● Problem to work on
What are the lines below, starting at the line containing "Timeline: Rita Levi-Montalcini" and ending at the line containing "Date added=Feb 19, 2024 003.jpg"? Write them out exactly, ends included, without pictures.

● Provided records

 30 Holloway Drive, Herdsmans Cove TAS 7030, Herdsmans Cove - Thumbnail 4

--

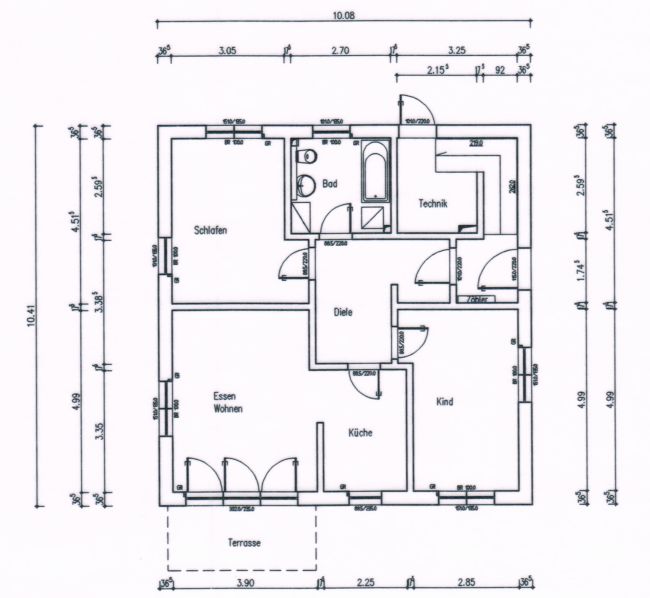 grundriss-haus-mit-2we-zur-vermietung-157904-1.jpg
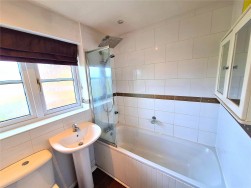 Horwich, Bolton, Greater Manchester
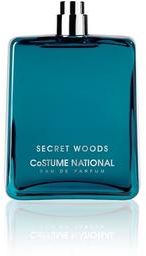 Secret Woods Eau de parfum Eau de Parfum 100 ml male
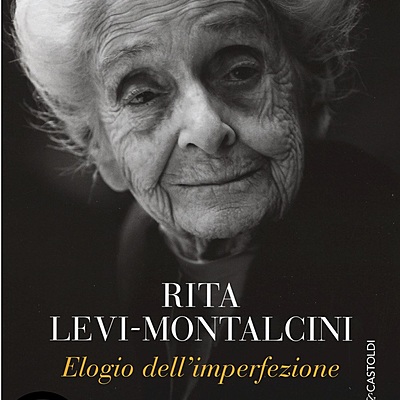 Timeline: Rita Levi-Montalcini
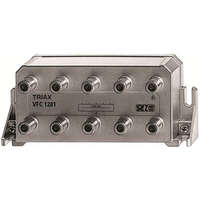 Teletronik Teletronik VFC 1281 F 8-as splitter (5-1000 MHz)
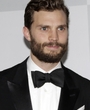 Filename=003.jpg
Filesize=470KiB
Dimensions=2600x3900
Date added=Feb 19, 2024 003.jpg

* * *

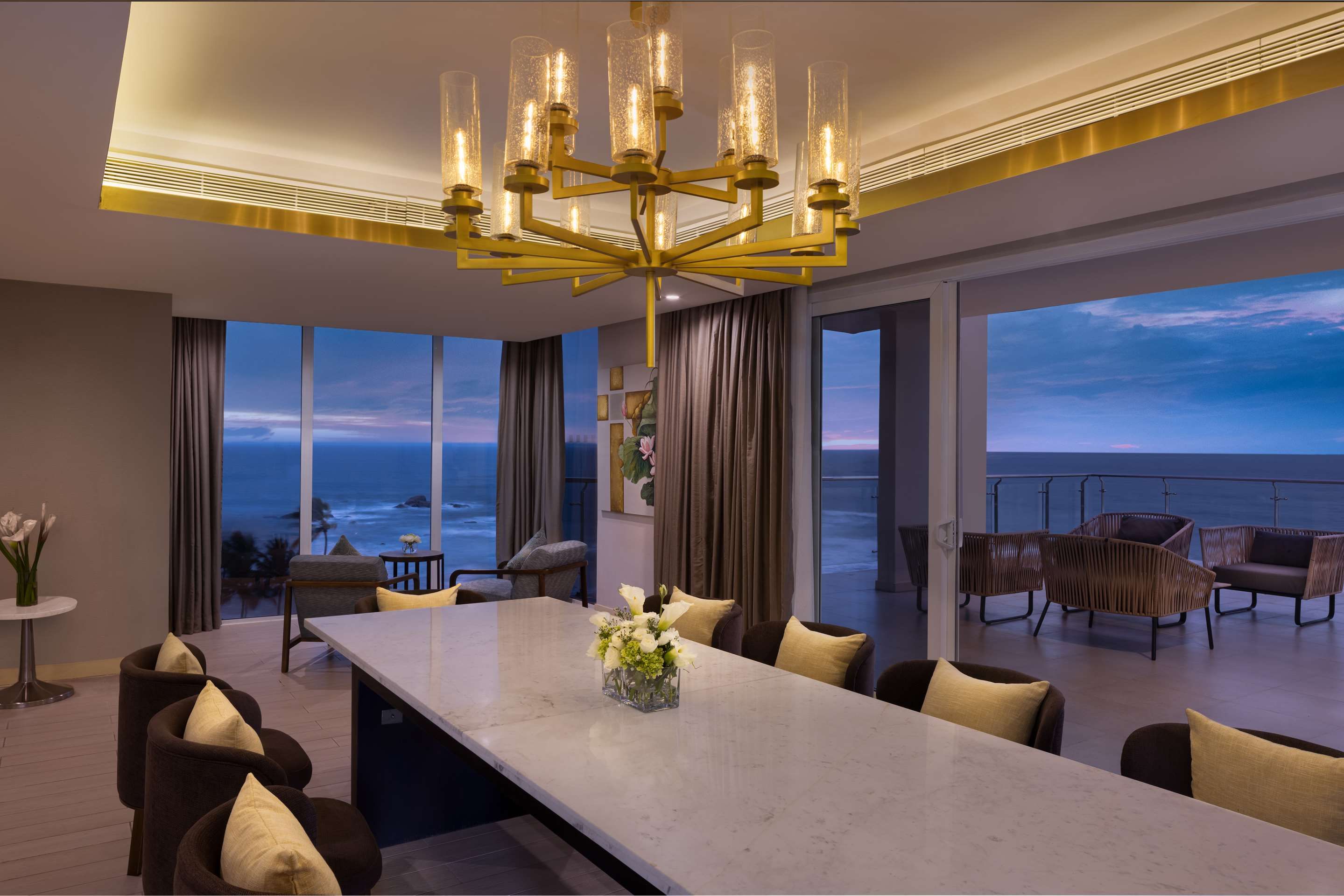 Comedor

● Answer
 Timeline: Rita Levi-Montalcini
 Teletronik Teletronik VFC 1281 F 8-as splitter (5-1000 MHz)
 Filename=003.jpg
Filesize=470KiB
Dimensions=2600x3900
Date added=Feb 19, 2024 003.jpg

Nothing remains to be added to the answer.